20120923

EVET!

Bugün lisedeki en sevdiğim hocam, "EVET! Artık göğe bakabiliriz." diyerek evlendi, diğer çok sevdiğim hocamla. Diğer çok sevdiğim hocam beni tanımaz, çünkü maalesef hiçbir zaman onun dersini alamamıştım. Ama benim sevgimi çoktan Hakan Günday'ın hocası olmasıyla, ablamın en sevdiğim ve uğurlu sayısı kök 13 olan çok yakın arkadaşının onu çok seviyor olmasının haklı bir nedeni olduğunu düşünmemle ve küçükken arkadaşımla yazdığımız tiyatro sahnesine bir tek onun, hocamız olmamasına rağmen ilgili bir şekilde yaklaşmasıyla kazanmıştı. O yüzden onu da çok severim. Ve bu yüzden en çok sevdiğim hocam, bence tam çok sevdiğim hocama göre olmuş!

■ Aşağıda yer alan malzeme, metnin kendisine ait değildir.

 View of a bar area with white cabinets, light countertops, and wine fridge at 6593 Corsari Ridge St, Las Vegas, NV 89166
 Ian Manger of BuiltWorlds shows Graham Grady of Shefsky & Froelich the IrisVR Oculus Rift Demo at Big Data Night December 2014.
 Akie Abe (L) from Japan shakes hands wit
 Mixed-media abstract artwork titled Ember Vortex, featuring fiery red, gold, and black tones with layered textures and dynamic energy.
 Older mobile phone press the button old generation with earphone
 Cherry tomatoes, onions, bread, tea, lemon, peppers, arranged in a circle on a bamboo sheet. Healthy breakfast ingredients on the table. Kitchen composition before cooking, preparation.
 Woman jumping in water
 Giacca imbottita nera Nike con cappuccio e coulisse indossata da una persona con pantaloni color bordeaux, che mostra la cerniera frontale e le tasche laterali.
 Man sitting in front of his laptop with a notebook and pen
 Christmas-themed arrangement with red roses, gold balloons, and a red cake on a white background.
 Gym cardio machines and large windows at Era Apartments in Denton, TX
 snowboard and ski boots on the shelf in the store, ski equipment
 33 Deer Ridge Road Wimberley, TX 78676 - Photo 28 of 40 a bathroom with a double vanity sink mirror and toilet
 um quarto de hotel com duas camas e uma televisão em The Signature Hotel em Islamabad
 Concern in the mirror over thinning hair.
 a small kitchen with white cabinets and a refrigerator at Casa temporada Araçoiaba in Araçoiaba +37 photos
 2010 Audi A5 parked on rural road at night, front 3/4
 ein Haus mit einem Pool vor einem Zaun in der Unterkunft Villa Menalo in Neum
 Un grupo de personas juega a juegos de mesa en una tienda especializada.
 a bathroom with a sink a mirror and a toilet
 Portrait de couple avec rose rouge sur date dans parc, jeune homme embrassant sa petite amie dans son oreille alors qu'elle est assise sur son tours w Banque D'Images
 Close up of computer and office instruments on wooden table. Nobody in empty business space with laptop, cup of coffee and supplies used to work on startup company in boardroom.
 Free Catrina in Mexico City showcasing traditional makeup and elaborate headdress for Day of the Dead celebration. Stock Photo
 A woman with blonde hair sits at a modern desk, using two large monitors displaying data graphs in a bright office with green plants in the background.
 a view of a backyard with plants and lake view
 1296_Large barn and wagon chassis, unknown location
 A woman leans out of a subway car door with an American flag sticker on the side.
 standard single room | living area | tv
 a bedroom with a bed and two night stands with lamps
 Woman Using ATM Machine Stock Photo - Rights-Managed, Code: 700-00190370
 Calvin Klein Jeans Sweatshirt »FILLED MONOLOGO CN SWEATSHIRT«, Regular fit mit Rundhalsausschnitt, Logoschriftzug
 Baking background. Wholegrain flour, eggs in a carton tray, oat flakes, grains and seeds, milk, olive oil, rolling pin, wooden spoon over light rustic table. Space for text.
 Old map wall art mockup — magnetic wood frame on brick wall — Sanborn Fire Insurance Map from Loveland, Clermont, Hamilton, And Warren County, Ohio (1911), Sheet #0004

En çok sevdiğim hocam, bugün birlikte göğe bakacaklarını söyleyince çok heyecanlandım. Gerçi ilk önce "EVET! Artık eve bakabiliriz." dediğini sanmıştım. İhihi dedim yanımdakine, tabii evlenmek, ev almak filan. söz oyunları. tam onlara göre. Ama aslında evlenirken en çok sevdiğim şiirin, en çok sevdiğim kısmını söylediğini öğrenince ellerimi yanaklarıma koyup, "aaaay ama ayy çok güzelmiiş, ay çok heyecanlı!" diye bağırıp, sarılma sırasının bana gelmesini bekledim.
Sonra otobüse bindiğimde -otobüste çok acayip şeyler düşünürüm- uzun zamandır durağa uğramadığım için göğe bakmadığımı düşündüm. Üstelik bulutlar en sevdiğim mevsimlerindeler! Ayrıca ben göğe evlendikten önce de, sonra da, evlenmeden de, her zaman bakmak isterim. O yüzden durağa daha çok uğramam lazım. Bunları düşündüm. Zaten en çok sevdiğim hocam, yıllar önce bana elinde kocamaan bi yüzükle sarıldığında, "Yaz Betül, tamam mı, bırakma yazmayı." demişti. Şimdi ben nasıl durağa uğramam?
Bir de bugün benim doğum günümdü. Bugünkü dileğim; en çok sevdiğim hocamla, çok sevdiğim hocam her zaman çok mutlu olsunlar! Hüf!